Kein Risiko eingehen
Die Übergabe der Zahlungsabwicklung an einen spezialisierten Dienstleister bietet für den Plattformbetreiber auch im Schadenfall einen entscheidenden Vorteil: Aufgrund der Tatsache, dass der Betreiber als technischer Dienstleister ausschließlich die Infrastruktur, nämlich die Plattform, zur Verfügung stellt, ist es der Händler, der einen Vertrag mit den Endkunden abschließt und daher für die Schadensregulierung zuständig ist.
Für den Eintritt eines eventuellen Zahlungsausfalls sollte die Payment Software mit der Komponente eines automatisierten Mahnwesens ausgestattet sein, welches im Falle einer ausstehenden Forderung oder bei den Rückbelastungen automatisch veranlasst wird. Darüber hinaus sollte der Mahnlauf individuell auszurichten sein. Idealerweise sollte das Zahlungsinstitut ein integriertes Risikomanagement anbieten, sodass die Zahlungsausfälle gar nicht erst auftreten: Auf der Basis von verschiedenen Risiko-Checks sollte eine automatisierte Auswahl der Zahlungsmittel stattfinden, damit die unsicheren Zahlungsarten, wie beispielsweise der Rechnungskauf, den potenziellen Schuldnern nicht zur Auswahl stehen. Auf welche Weise sich der Risiko-Check gestalten und realisieren lässt, ist individuell festzulegen.

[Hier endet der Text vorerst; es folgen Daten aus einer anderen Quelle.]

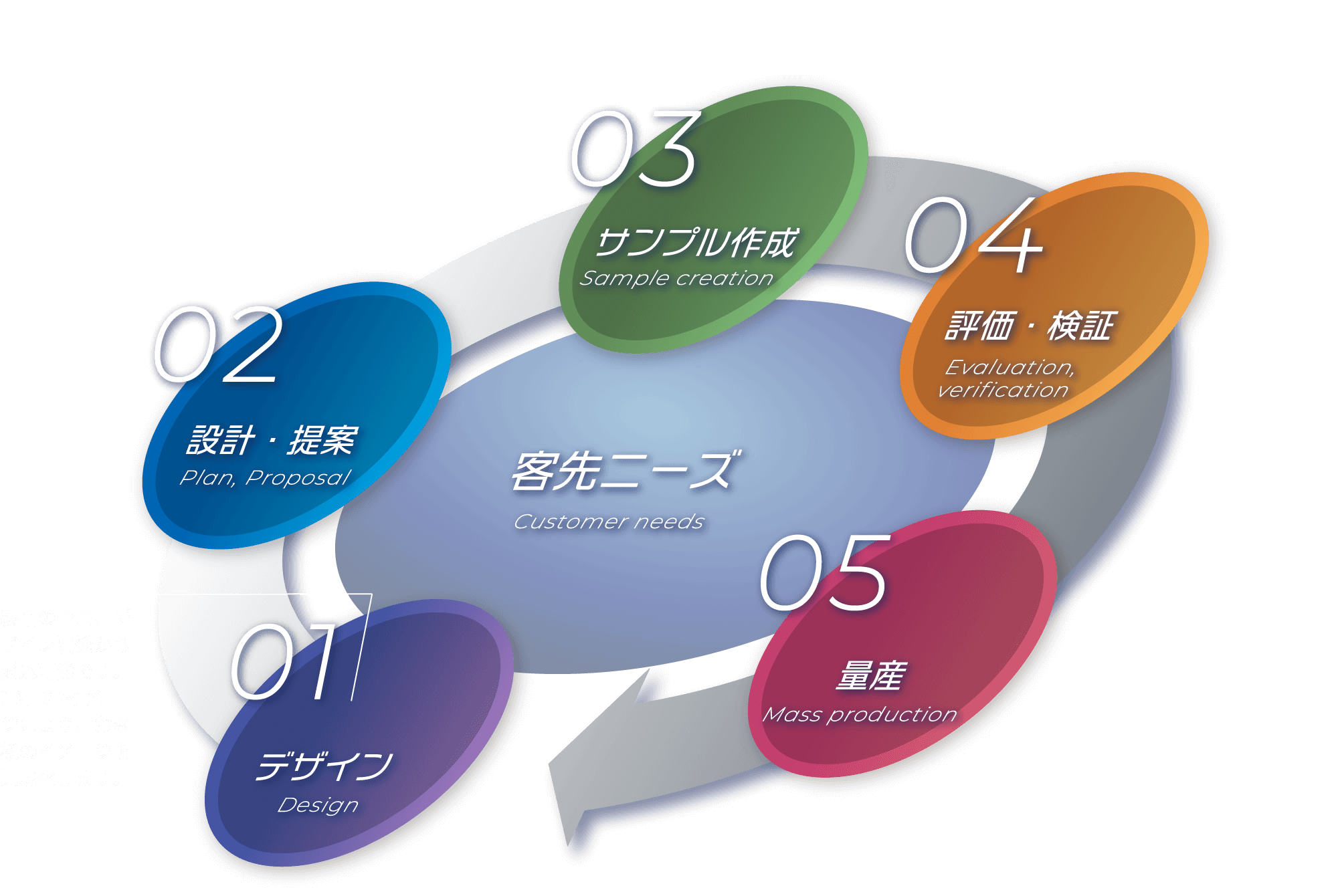 設計開発の流れ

Das Produkt und die Branche als Erfolgsfaktoren
Allerdings sind nicht alle Produkte für einen Vertrieb über den Online-Marktplatz geeignet. Bei der Unterhaltungselektronik beispielsweise ist die Gewinnspanne zu niedrig, sodass es einem Händler nicht möglich ist, den Plattformbetreiber für seine Vermittlung zu entlohnen. Es existieren jedoch umfangreiche erfolgreiche Beispiele aus dem B2C-Umfeld, beispielsweise im Möbel- und Fashion-Handel: Statt im Möbelhaus, im Shoppingcenter oder in der Innenstadt einzukaufen, können die Konsumenten auf einem Online-Marktplatz ein ebenso großes, wenn nicht sogar größeres, Warenangebot an Einrichtungsgegenständen oder Bekleidung sämtlicher Stilrichtungen sowie in allen Preisklassen ausfindig machen.

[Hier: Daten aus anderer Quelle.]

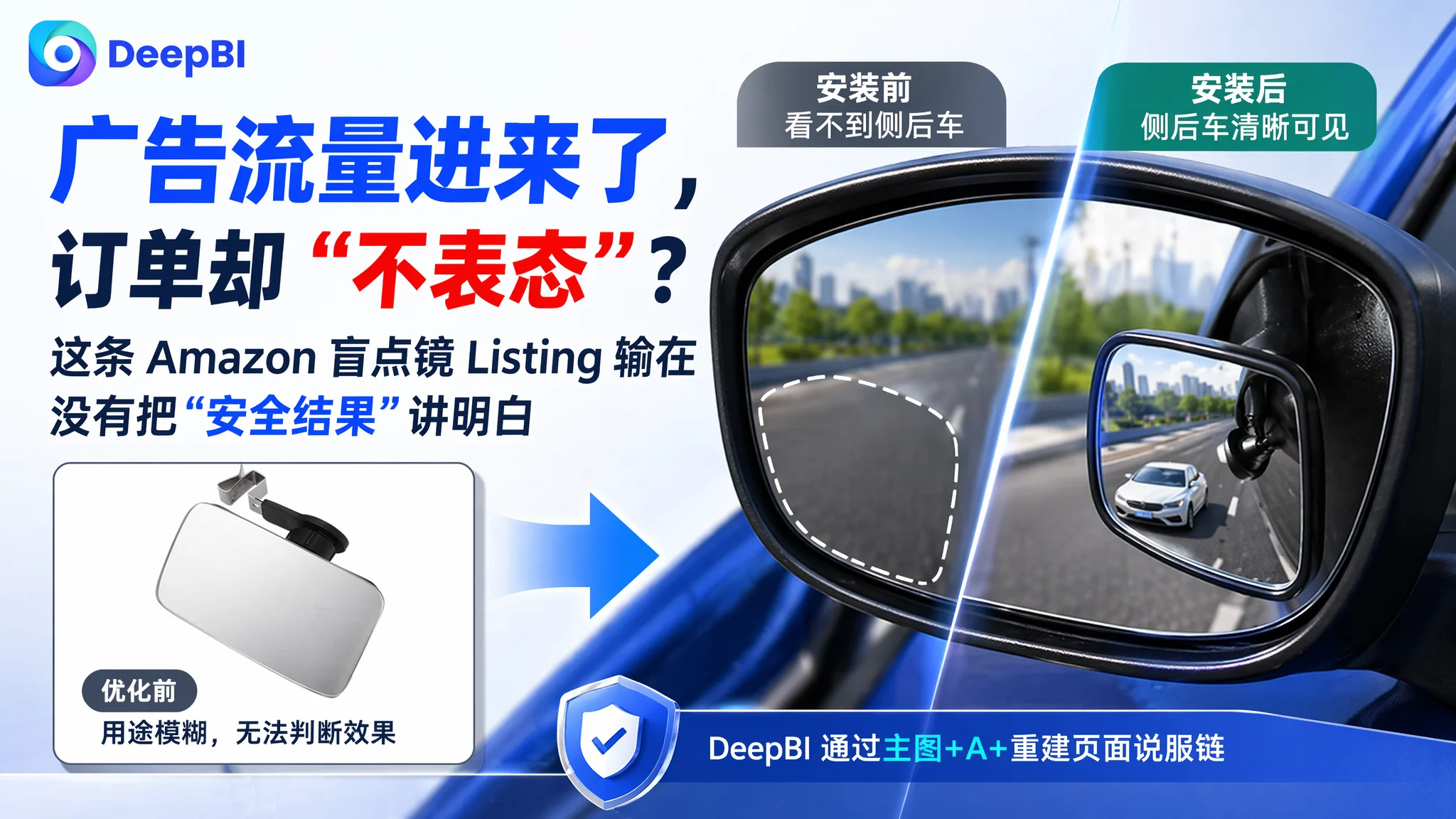 广告流量进来了，订单却“不表态”？这条 Amazon 盲点镜 Listing 输在没有把“安全结果”讲明白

Ein weiteren Bereich, in dem sich die Online-Marktplätze immer größerer Beliebtheit erfreuen, stellen die Portale für die Preis-, Tarif- oder Anbietervergleiche dar. Außer der reinen Angebotsvermittlung wird über viele dieser Plattformen mittlerweile auch der Rechnungskauf realisiert. Dasselbe gilt für die Vermittlung der Reinigungs- und Pflegekräfte, die ihren Service auf einer Plattform anbieten. Darüber hinaus haben sich die Online-Marktplätze auch im B2B-Bereich etabliert, beispielsweise im Bauwesen: Statt die einzelnen Baustoffe in verschiedenen Onlineshops zu kaufen oder über die stationären Händler beziehen zu müssen, haben die Baufirmen die Möglichkeit, sämtliche Materialien, die diese für ein Bauvorhaben benötigen, auf einer einzigen Plattform zu bestellen. Somit steht fest: Mit den geeigneten Produkten in der richtigen Branche sind die Online-Marktplätze für die Händler ein attraktiver Verkaufskanal, über den diese ihre Reichweite unkompliziert erweitern und ihren Umsatz erheblich steigern können, wenn die Plattformbetreiber die erforderlichen Voraussetzungen geschaffen haben.